How do you determine the number of salmon, trout, or steelhead a stream can support?
Cramer Fish Sciences uses an analytical tool developed by
Steve Cramer called the
Unit Characteristic Method, or UCM.
Using habitat measurements from standard
stream surveys, the UCM utilizes quantitative methods to determine
cause-and-effect relationships between habitat and fish production.
It's all virtual so you can change various habitat parameters and see
how fish populations are affected.
Stream habitat has delineable units — pools, riffles, or runs —
which are the building blocks that determine fish densities. Different fish require
different habitat, and the UCM can be used to analyze the habitat needs of steelhead
trout, rainbow trout, spring and fall Chinook salmon, bull trout, and even cutthroat trout.
By varying additional attributes of the stream, such as depth, cover, temperature,
turbidity, and even nutrient loading, the UCM can effectively provide answers and
guidance to those concerned with stream fish production.
The UCM is especially valuable when comparing the
benefit or impact to fish when stream features are altered or protected. Habitat
factors that impact fish production can be identified. Some specific examples of
how the UCM has helped PGE and Bonneville Power:
- The Deschutes River Basin was analyzed to determine the number of steelhead that could be supported if passage above the dams was restored.
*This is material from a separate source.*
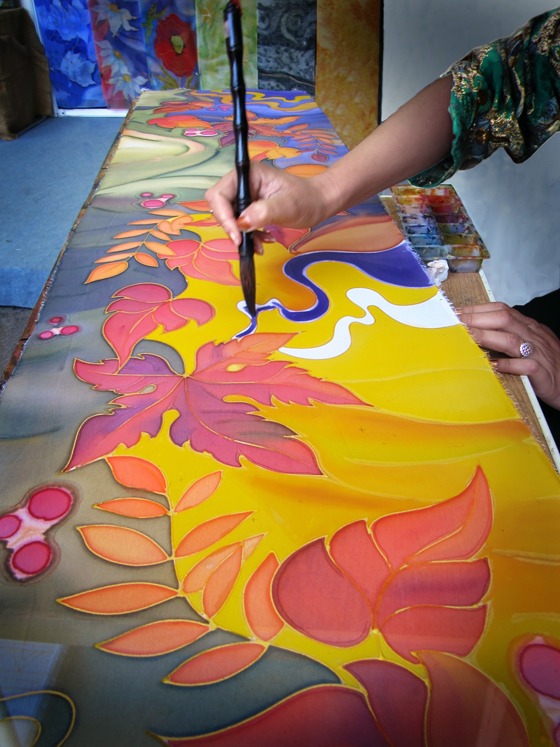 Silk painting, Silk painting techniques, Silk art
- The Hood River Basin was analyzed to determine the number of wild steelhead and Chinook that hatchery supplementation should support.
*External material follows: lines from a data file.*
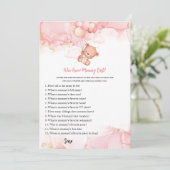 Invitation Ours Boho Rose Qui Connaît Maman Meilleur Baby sho (Debout devant)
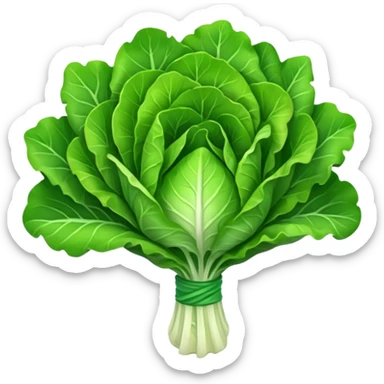 Bouquet of lettuce sticker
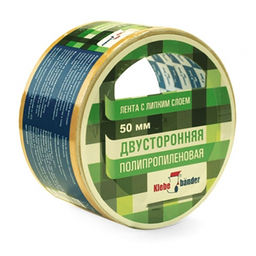 Клейкая лента 2-сторонняя 50ммх25м (полипропилен)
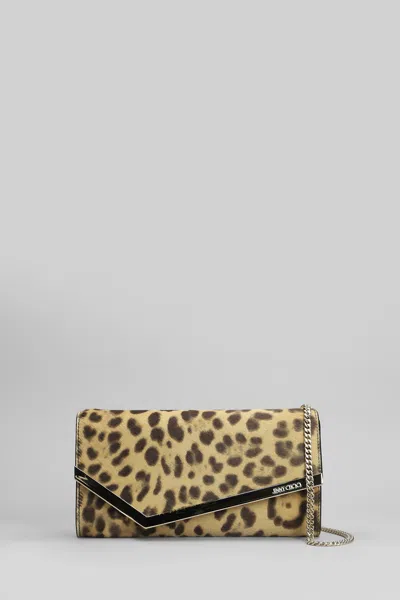 Jimmy Choo Emmie Clutch In Animalier Pony Skin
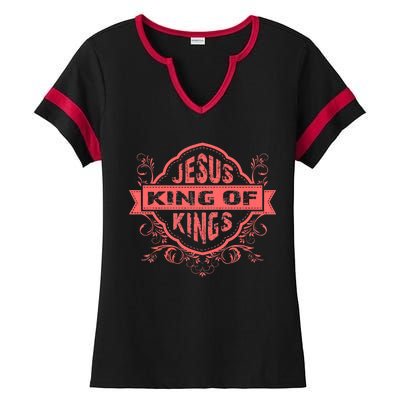 Jesus King of Kings Ladies Halftime Notch Neck Tee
- The Yakima River Basin was analyzed to determine if irrigation drainage channels can support salmonids.
The UCM has also been considered for urban land-use planning to design land use regulations
that would protect key fish habitat.
The UCM projects for PGE and Bonneville Power have utilized the following services:
- Assembly of stream habitat data from standard surveys and water quality monitoring
- Quantified relationships between salmonids and habitat features
The key outcomes of these projects has included:
- Estimation of fish carrying capacity by stream reach
- Distinction of stream suitability for different salmonids
- Quantitative estimates of benefits or impacts from stream alteration
Cramer Fish Sciences continues to modify and improve the UCM. Currently, we are
working with the Washington Department of Ecology to develop UCM as a tool for
estimating changes in salmonid carrying capacity due to flow alterations.